Application written in Go to collect the information from webpages or API endpoints and to store it in MongoDB
- Tested with Go 1.23.2
- MongoDB 8.0
To install and run the application run the following set of commands:
git clone [email protected]:igor-sikachyna/webtrack.git
cd webtrack
go install
go run .
This will clone the repo, install the dependencies, and run the application.
To customize the behavior of the application, you need to edit the config.ini
files with the desired values and create the query files in queries
directory (by default).
The available options for those configurations are provided in the sections below.
Each query file created will be used to track a single value in the configured website or API endpoint and will store the collected values in the MongoDB collection with the same name as the query file.
Note that at the moment you cannot customize the collection name, the file name will be used to determine the collection name.
Parameter | Is optional | Default value | Description |
---|---|---|---|
MongodbConnectionUrl | No | N/A | MongoDB server connection URL. Can be either left unchanged from the example config (if using a local installation) or updated to the connection URL you want to use (e.g. for a remote database) |
DatabaseName | No | N/A | Database name to create and use in MongoDB. If the database already exists, no action is performed. This requires a permission to create databases |
VersionCollectionName | No | N/A | Collection name to use for query versioning information |
Parameter | Is optional | Default value | Description |
---|---|---|---|
Url | No | N/A | URL to query. Can include URL-encoded arguments |
AnyTag | Yes | <any> |
String to be used as a wildcard. When processing the HTML file, webtrack will treat this value the same way the * is treated as a wildcard on Linux |
Before | No | N/A | String value to search for.
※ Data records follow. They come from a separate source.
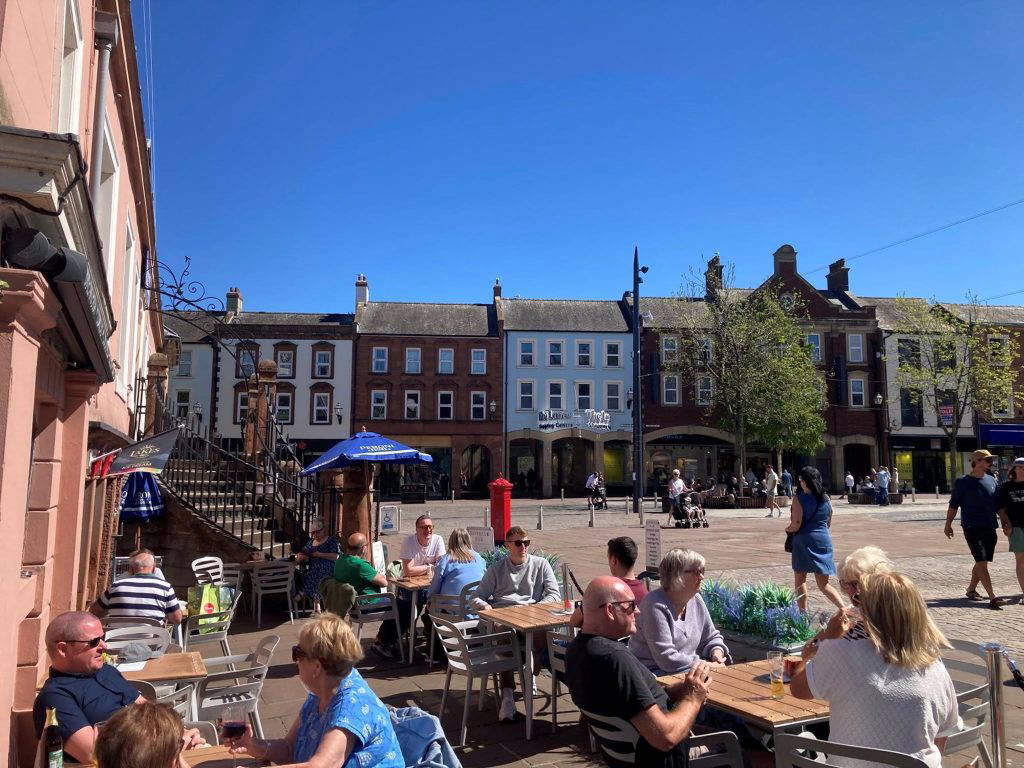 cafe with people sitting in sun on the edge of Carlisle Market Square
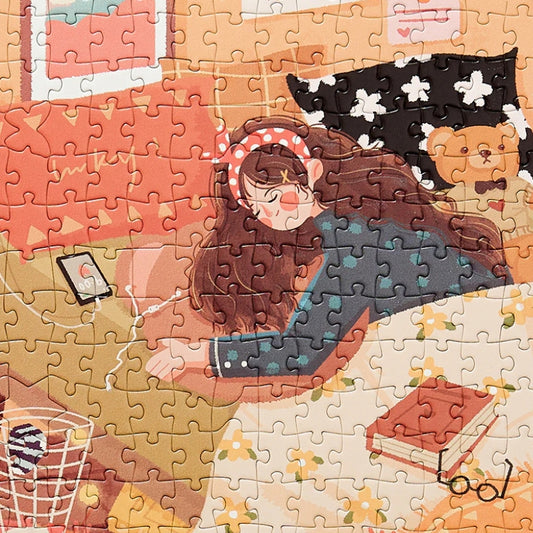 Close-up of partially completed jigsaw puzzle showing a girl in bed with long hair, wearing a headband, and a teddy bear in the background.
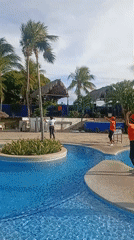 Resort staff perform synchronized poolside entertainment in Venezuela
Everything that is past the Before and in front of After will be used to determine the final fetched value. You can put the <any> tag (or the overriding value in AnyTag ) to skip variable sections of the HTML file. |
After | No | N/A | String value to search for. Everything that is past the Before and in front of After will be used to determine the final fetched value. You can put the <any> tag (or the overriding value in AnyTag ) to skip variable sections of the HTML file. |
ResultType | Yes | string |
Can be either number or string . The string type will result in the full string between Before and After to be stored in MongoDB. The number type will attempt to extract a single number from the resulting string; it is up to you to ensure that the value enclosed between Before and After can reasonably be converted to a single number |
RequestBackend | Yes | go |
Determines the flow that will be used to fetch the HTML page. The go backend will rely on the standard Go HTTP package. The chrome backend will use the Chrome browser to load the HTML content. See the note below for details on chrome option |
RequestIntervalSeconds | Yes | 1 | Interval in seconds between requests. This interval includes the time it takes to perform the request itself. If the request takes longer than RequestIntervalSeconds , then the next request will happen right after the previous one |
OnlyIfDifferent | Yes | false |
Setting this option to true will make it so the values are written to MongoDB only if they changed since the last request was made |
OnlyIfUnique | Yes | false |
Setting this option to true will make it so the values are written to MongoDB only if they don't already exist in this collection |
For some websites, the standard Go HTTP request package will not be able to fully load the page, as it may require JavaScript to load the content.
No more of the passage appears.